Alexandre Higuchi

A Vida, o Universo e Tudo mais

Homenagem aos que se vão

Publicado por alehiguchi em 30/08/2009

Um dia todos se vão. É o que se acontece quando não se é imortal. É muito importante termos isso em mente para entender as próximas linhas…

Hoje foi a vez da minha vó. Essa foi a partida mais próxima que experimento desde que me entendo por gente.

E fiquei orgulhoso!

“Orgulhoso?” – podem me perguntar – “Como uma partida de alguém querido pode ser descrito como orgulho?!?!”

Na minha visão de mundo, pode e deve.

Hoje em dia a tecnologia nos permite saber muita coisa. Às vezes detalhes demais: Acidente Vascular Cerebral (AVC), Insuficiência cardíaca, morte cerebral… Pois bem, fico com a definição de antigamente: ela morreu de velhice, que é a maneira como todos que não tem pretensão de vida eterna querem partir. Tomara que eu morra de velhice um dia.

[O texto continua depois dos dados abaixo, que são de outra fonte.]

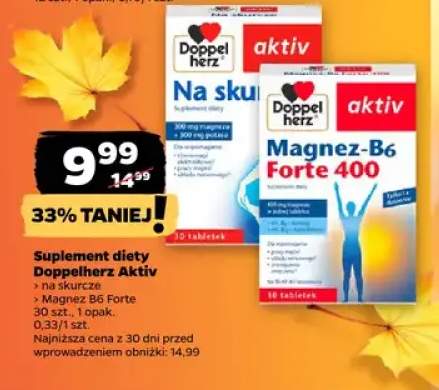 Suplement diety Doppelherz aktiv na skurcze +1 wariant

Também foi algo rápido, condizente com uma pessoa cujos olhos nunca rolaram lágrimas, pois com tanta vida para viver, não tinha tempo para tristeza.

E por ser rápido, não foi um fardo para os outros – coisa que ela não admitia: ficava brava até mesmo ao receber presentes – “Não gaste dinheiro comigo! Eu não preciso!!!”, sendo essa uma das raras ocasiões em que ela ficava realmente brava.

E como sempre chega a hora, hoje foi a dela. E sua partida fechou com chave de ouro sua presença. Uma vida de conquistas e alegrias seguida de uma partida da melhor maneira desejada.

Saudades? Teremos muitas!

Mas devemos aprender que saudade não é tristeza nem ausência.

Saudade é nos lembrar de momentos felizes. Se temos saudades é porque temos muita alegria guardada em nosso coração. Saudades é ter histórias da pessoa para contar aos nossos filhos e netos e com isso – quem diria? – torná-la imortal.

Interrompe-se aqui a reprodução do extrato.